RE: Histograms - SIZE clause & num_buckets anomaly (with apiggyback question)

  • From: "Lex de Haan" <lex.de.haan@xxxxxxxxxxxxxx>
  • To: <oracle-l@xxxxxxxxxxxxx>
  • Date: Tue, 3 Aug 2004 15:00:14 +0200

Charudatta,
to answer your piggyback question:
that's about popular values,
if I interpret the text correctly.
"compression" is slightly confusing here --
"reduction" would have been better.

just create a histogram, make sure there are some popular values,
check out USER_HISTOGRAMS, and you will see that some buckets
seem to be missing -- there are gaps in the bucket sequence numbers.
Oracle saves some space by storing a single row for the *last* bucket
corresponding to the popular value only.

Kind regards,
Lex.

---------------------------------------------
visit my website at http://www.naturaljoin.nl
---------------------------------------------



-----Original Message-----
From: oracle-l-bounce@xxxxxxxxxxxxx
[mailto:oracle-l-bounce@xxxxxxxxxxxxx]On Behalf Of Charudatta Joshi
Sent: Tuesday, August 03, 2004 13:33
To: oracle-l@xxxxxxxxxxxxx
Subject: RE: Histograms - SIZE clause & num_buckets anomaly (with
apiggyback question)



Thanks Lex,

Actually I presupposed skew in data, while asking the question.

You are right that in quite a few cases the CBO will correctly deduce
effective cardinality using h.b.
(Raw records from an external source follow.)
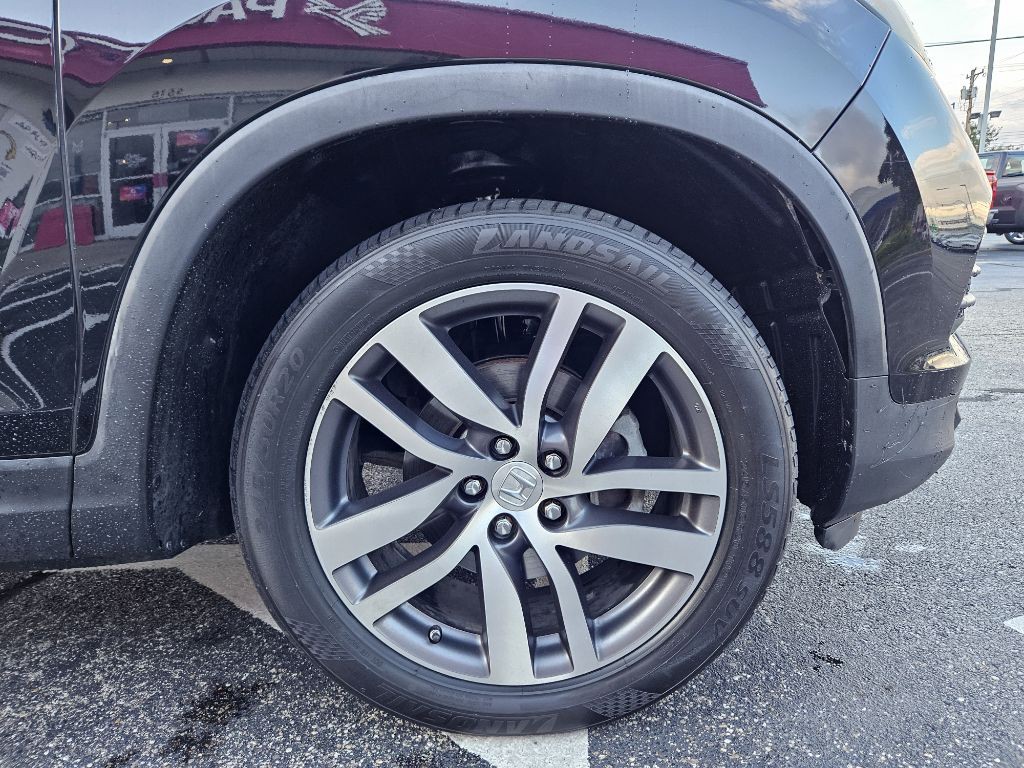 2016 Honda Pilot Image 28
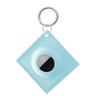 Silicone Protective Case Ultra-thin Tracker Keychain for Apple AirTag Tracker Accessories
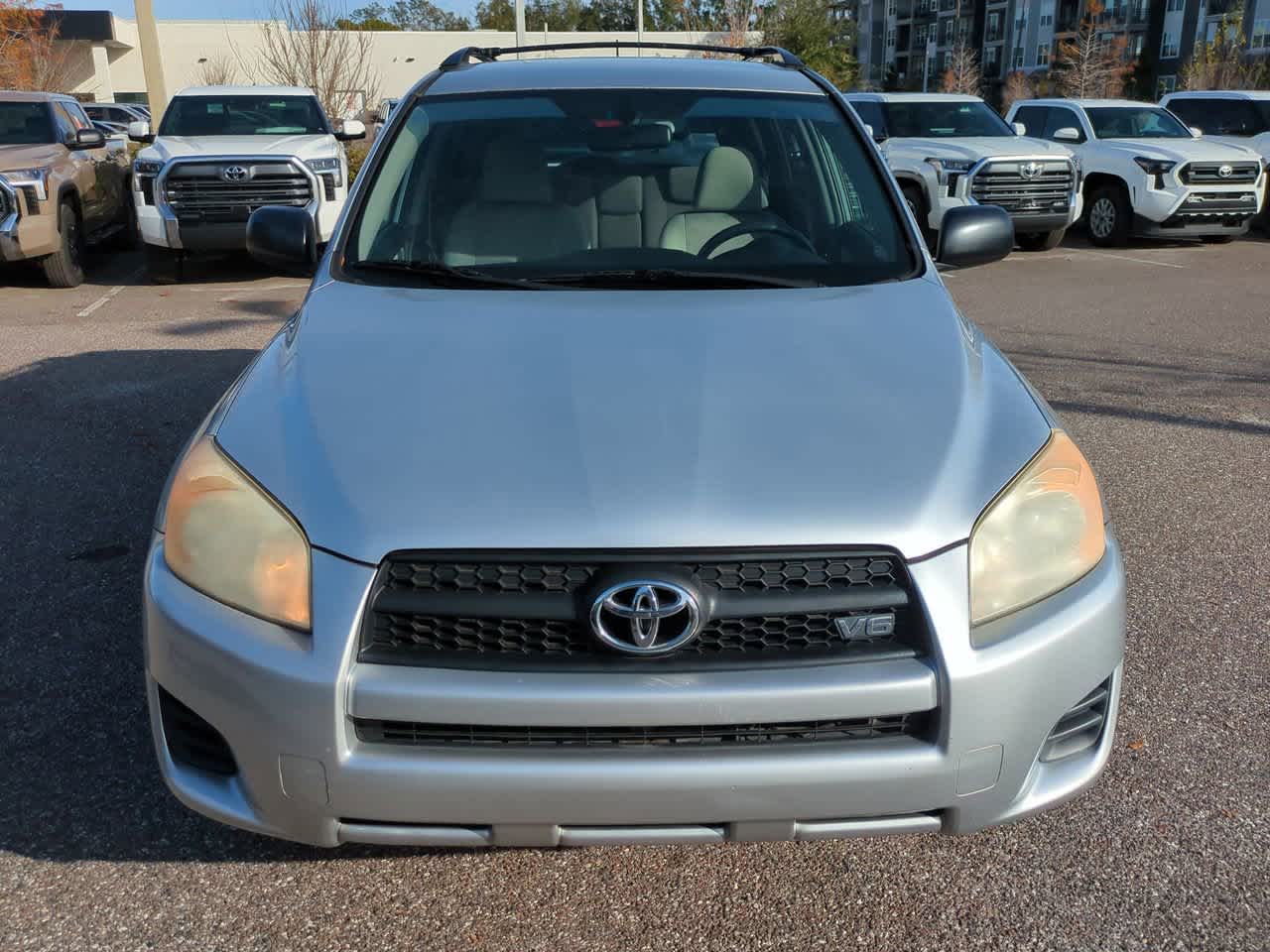 Thumbnail: 2009 Toyota RAV4 - 9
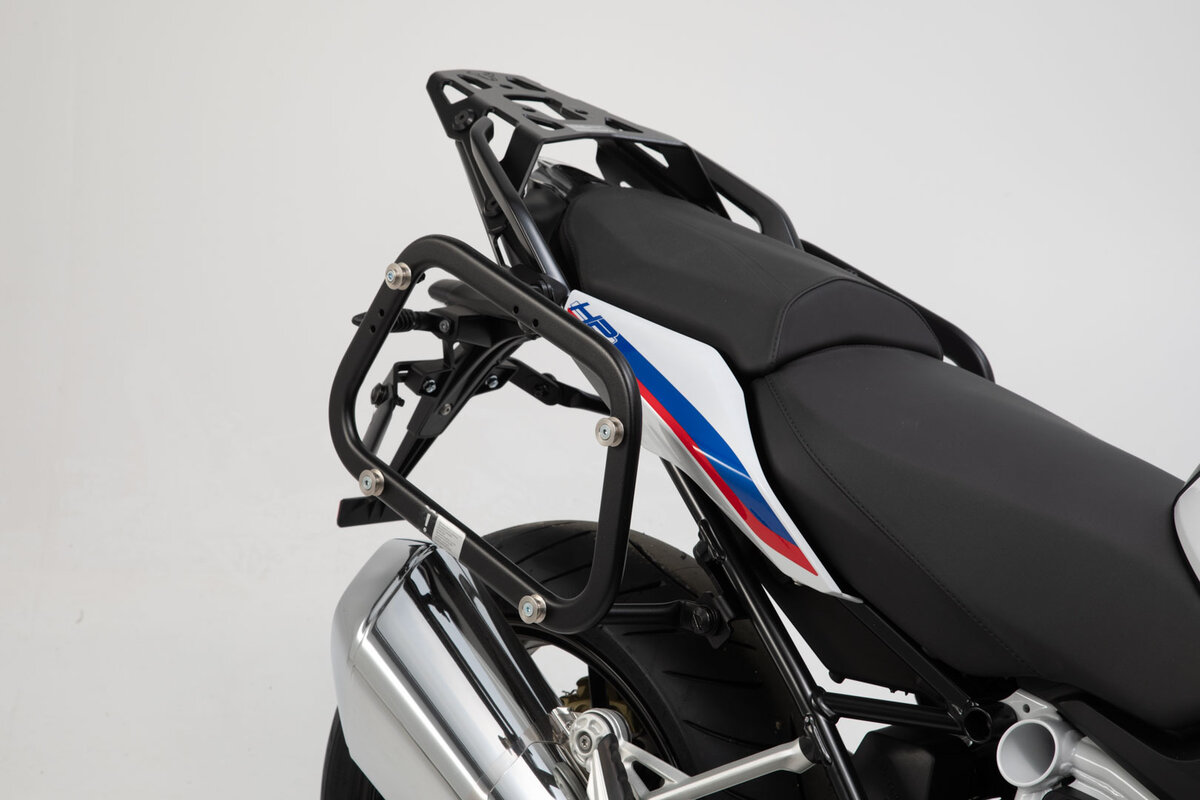 SW-Motech Quick-Lock EVO Zijkofferdrager - BMW R 1200 R / RS / R 1250 R / RS
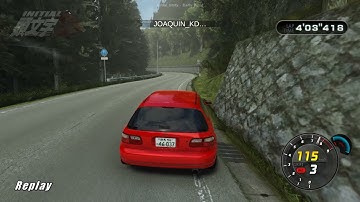 Initial Unity | Specialist Run | EG6 - Tsuchisaka Outbound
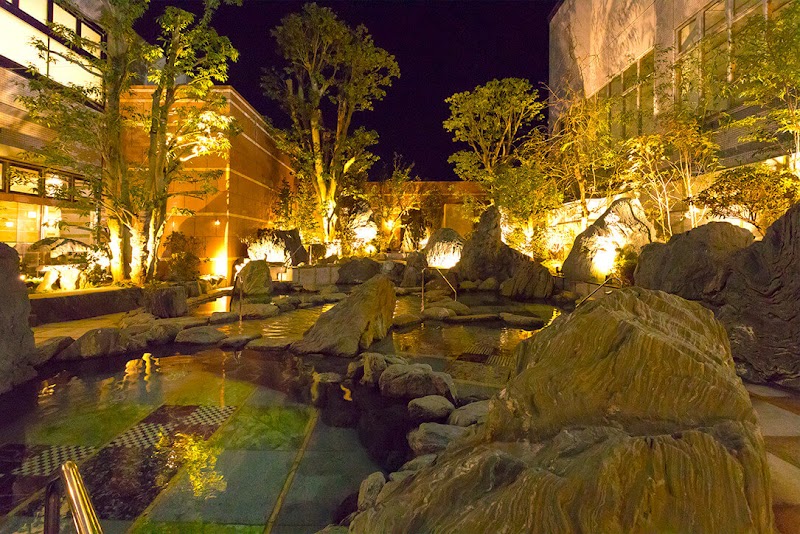 仙台湯処 サンピアの湯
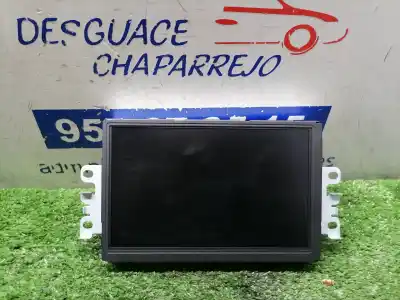 Second-hand car spare part MULTIFUNCTION DISPLAY for VOLVO V40  OEM IAM references 98HL143930135AAA  31483613AA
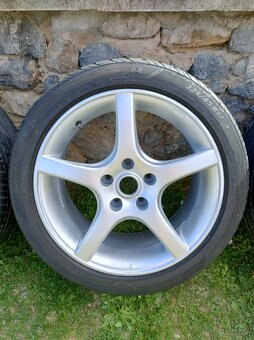 5x114,3 r17 MAK - 5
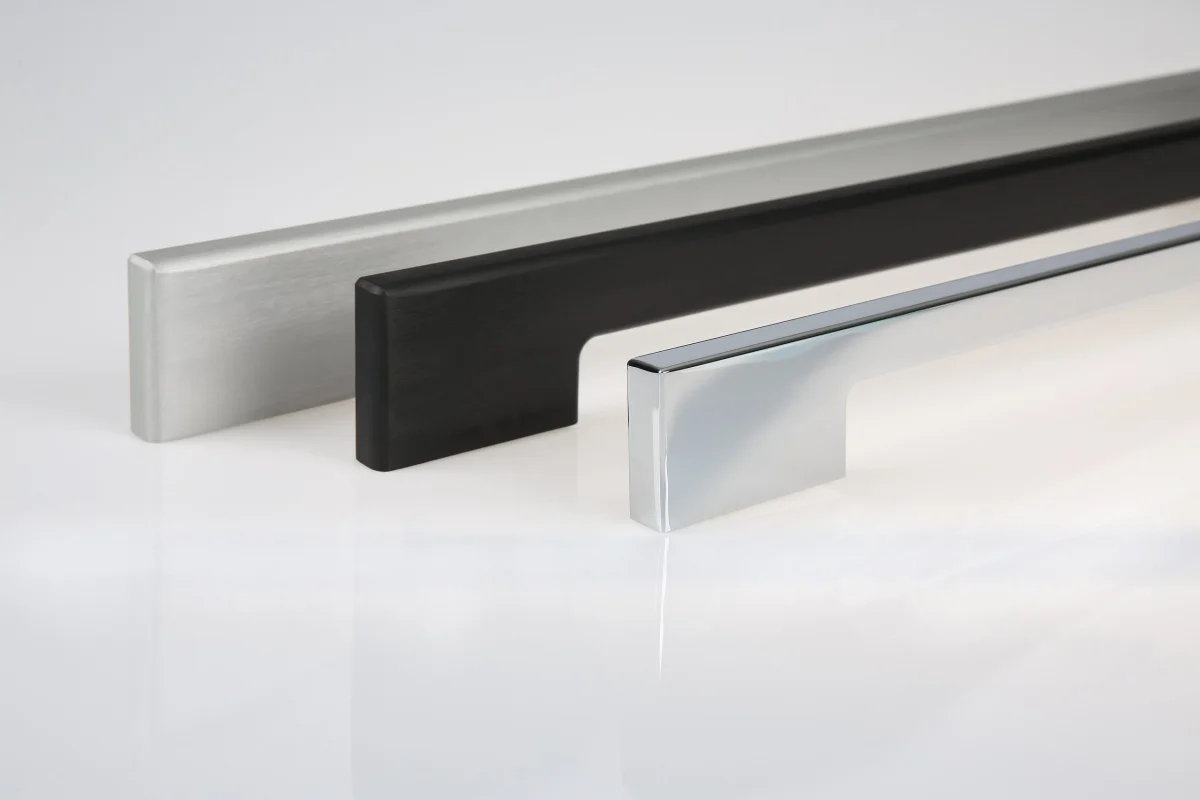 Appliance Knob — Gürmetal Kaplama ve İmalat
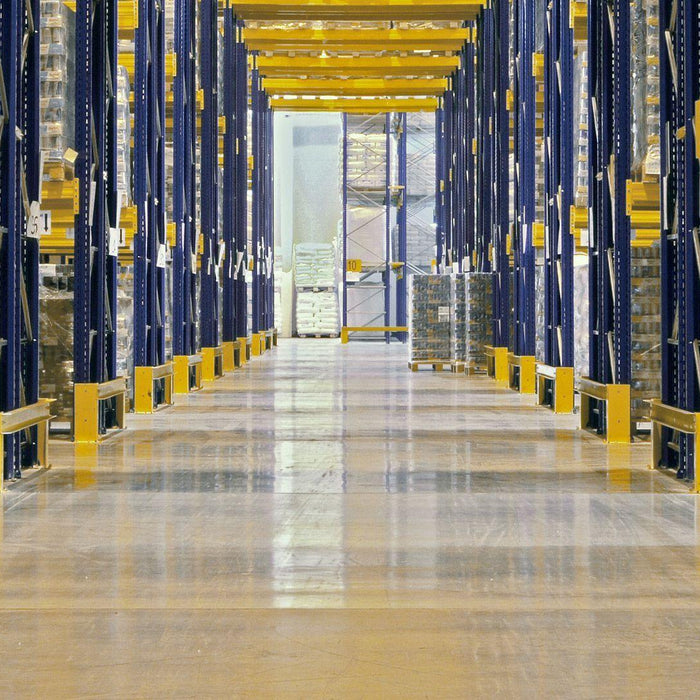 Harness Efficiency and Power with the EKKO EK35LP Liquid Propane Forklift - ForkLift USA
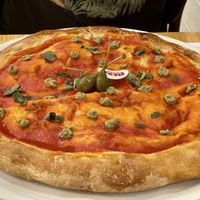   at Pit'sa in Bergamo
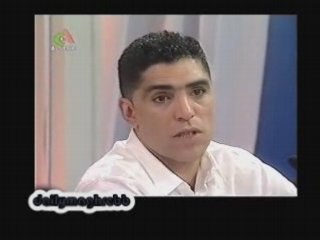 Cheb Hassen (coup de gueule) saraha-raha ghorba & bled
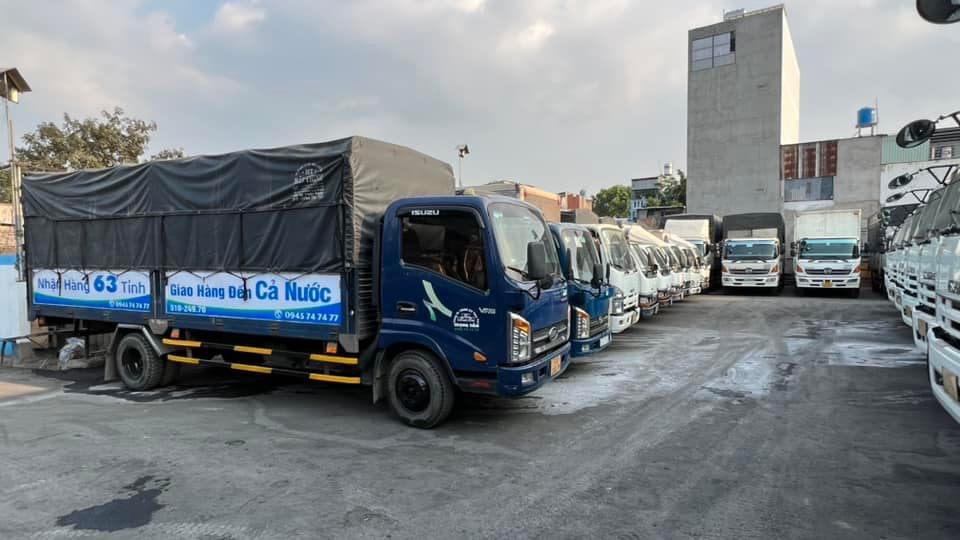 Gửi hàng vận chuyển Hồ Chí Minh giao phát ship Cần Thơ Chành nhà xe (1)
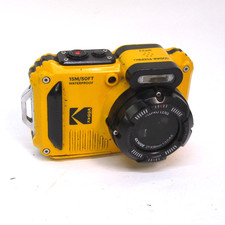 Kodak PIXPRO WPZ2 Digital WATERPROOF Camera (YELLOW) T12-E5 picture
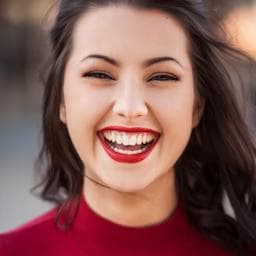 Lisa van Dijk testimonial portrait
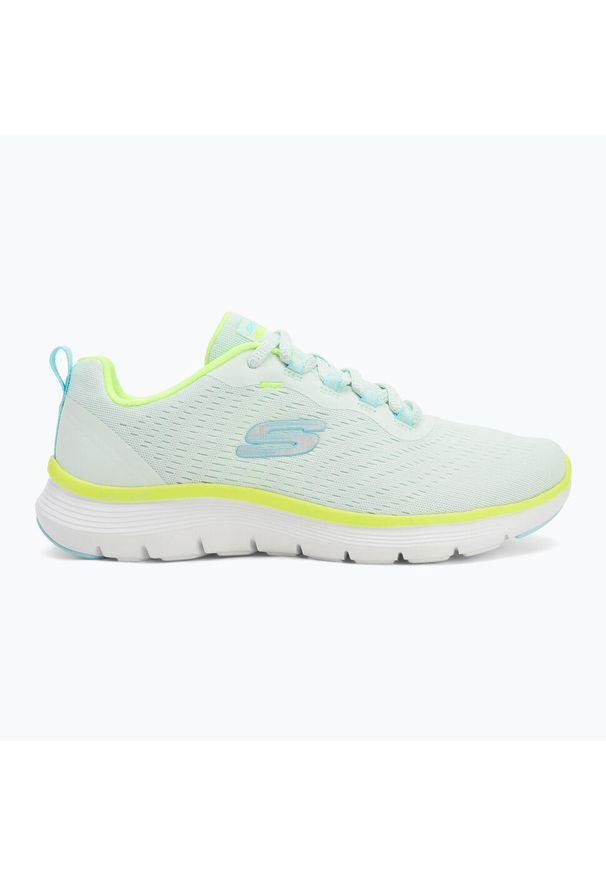 skechers - Buty damskie SKECHERS Flex Appeal 5.0 New Path. Kolor: niebieski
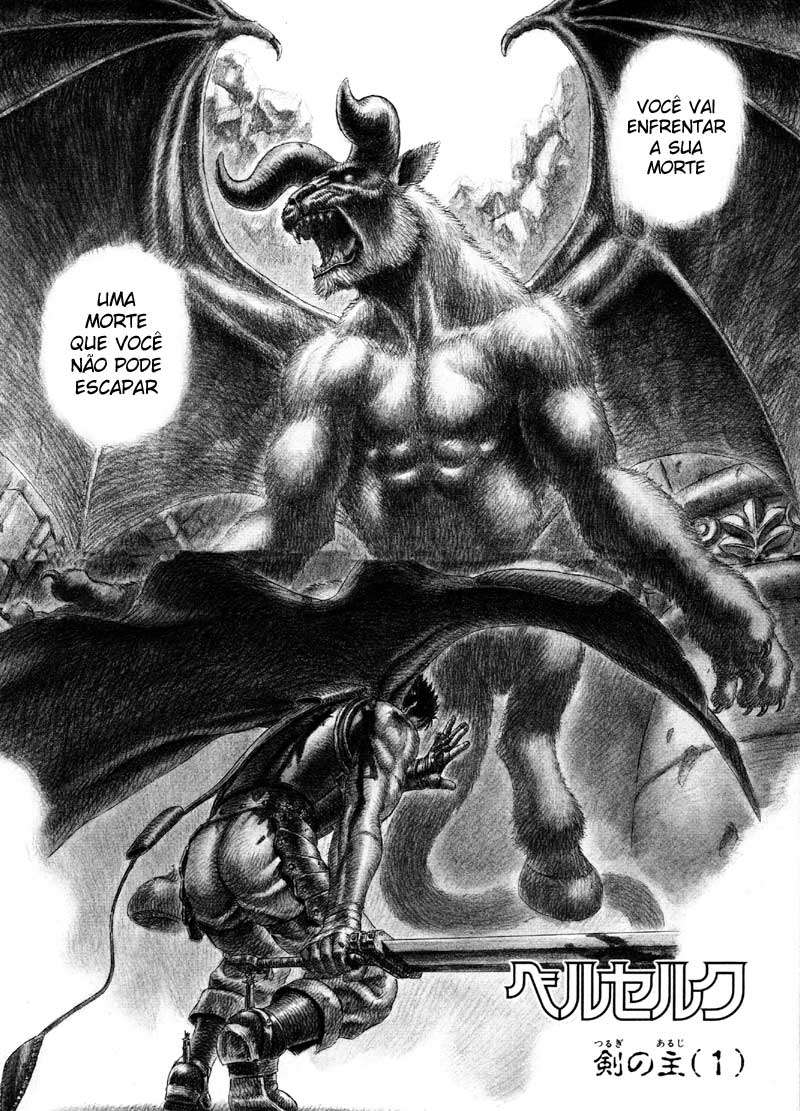 Read Berserk PT-BR Manga Online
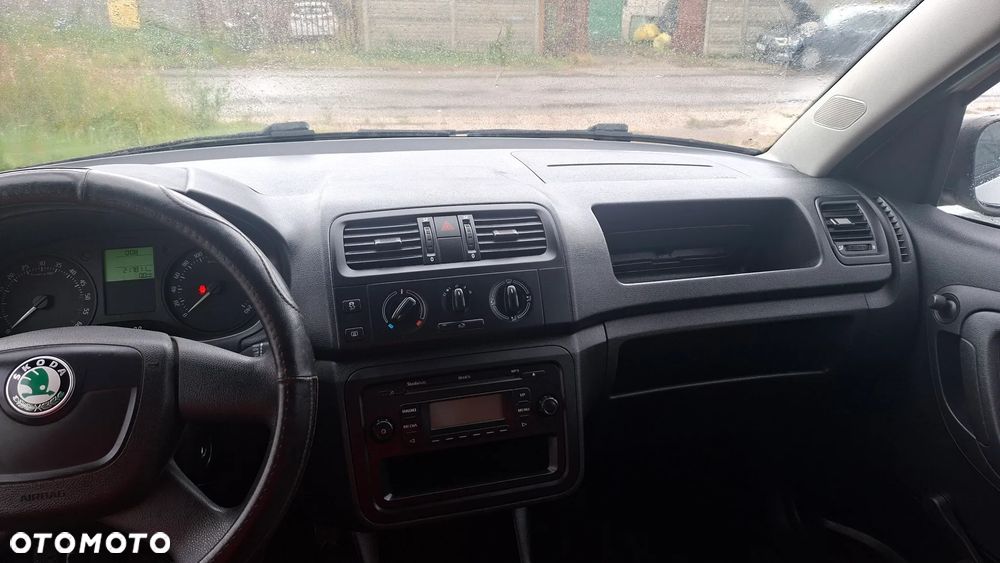 Skoda Roomster 1.2 TDI DPF - 7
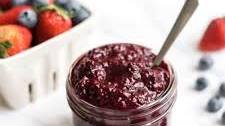 Chia Berry Sauce Recipe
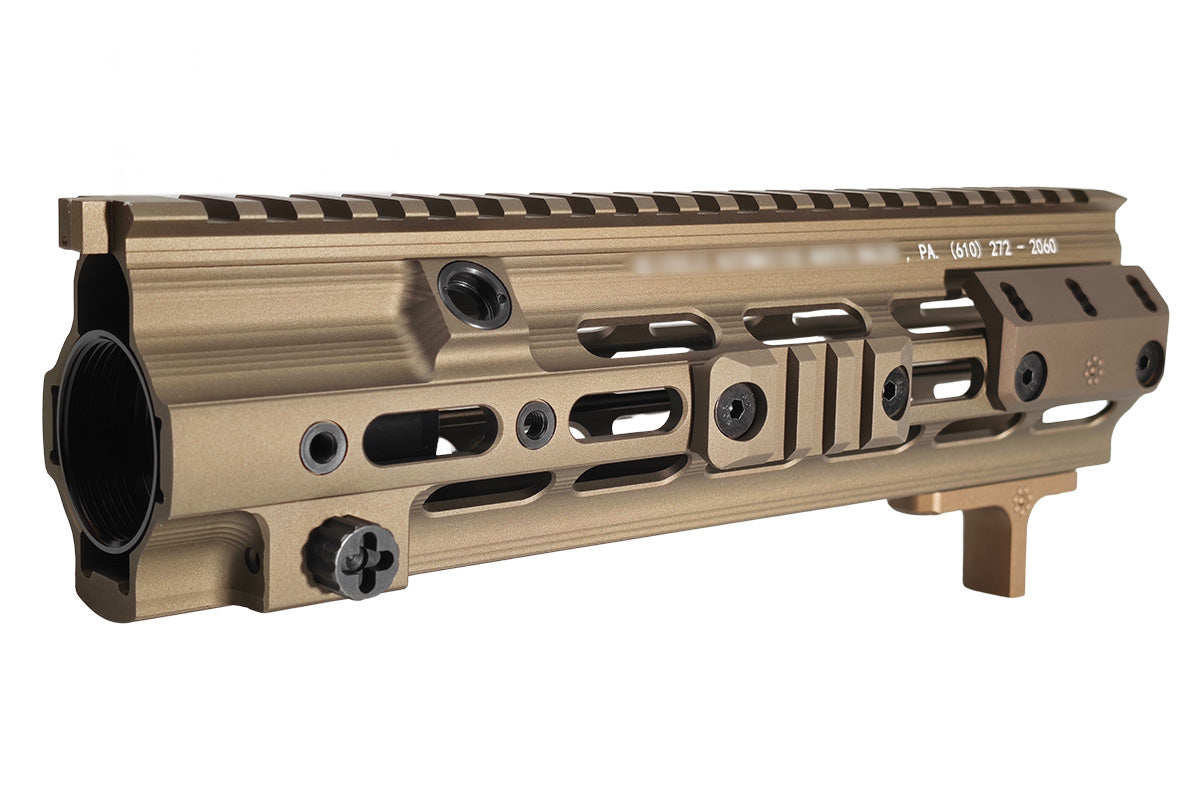 Airsoft Artisan G Style SMR Short ver Handguard for for WE , VFC , UMAREX 416 AEG / GBB / PTW (DDC)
For e.g. for a table with 10000 rows and
100 distinct values, if 99 DVs appear once or twice, an h.b. with 10 would
be more than sufficient. I need to look out for such cases.

Thanks once again.

Now the piggyback question:
While looking for the reason for less number of buckets than specified, I
came upon mention of 'Histogram Compression'. From one of the FMs (relevant
portion in caps):

<FM>
Note: The number of buckets in a histogram is
specified in the SIZE parameter of the SQL statement
ANALYZE. However, Oracle does not create a
histogram with more buckets than the number of
rows in the sample. ALSO, IF THE SAMPLE CONTAINS ANY
VALUES THAT ARE VERY REPETITIOUS, ORACLE CREATES THE
SPECIFIED NUMBER OF BUCKETS, BUT THE VALUE INDICATED
BY THIS COLUMN MAY BE SMALLER BECAUSE OF AN INTERNAL
COMPRESSION ALGORITHM.
</FM>

How to identify if the actual number of buckets is different from the value
shown in NUM_BUCKETS column of USER_TAB_COLUMNS?

Thanks & regards,
Charu.


-----Original Message-----
From: oracle-l-bounce@xxxxxxxxxxxxx
[mailto:oracle-l-bounce@xxxxxxxxxxxxx]On Behalf Of Lex de Haan
Sent: Tuesday, August 03, 2004 5:15 PM
To: oracle-l@xxxxxxxxxxxxx
Subject: RE: Histograms - SIZE clause & num_buckets anomaly


Hi Charudatta,
I think you said it all yourself already :-)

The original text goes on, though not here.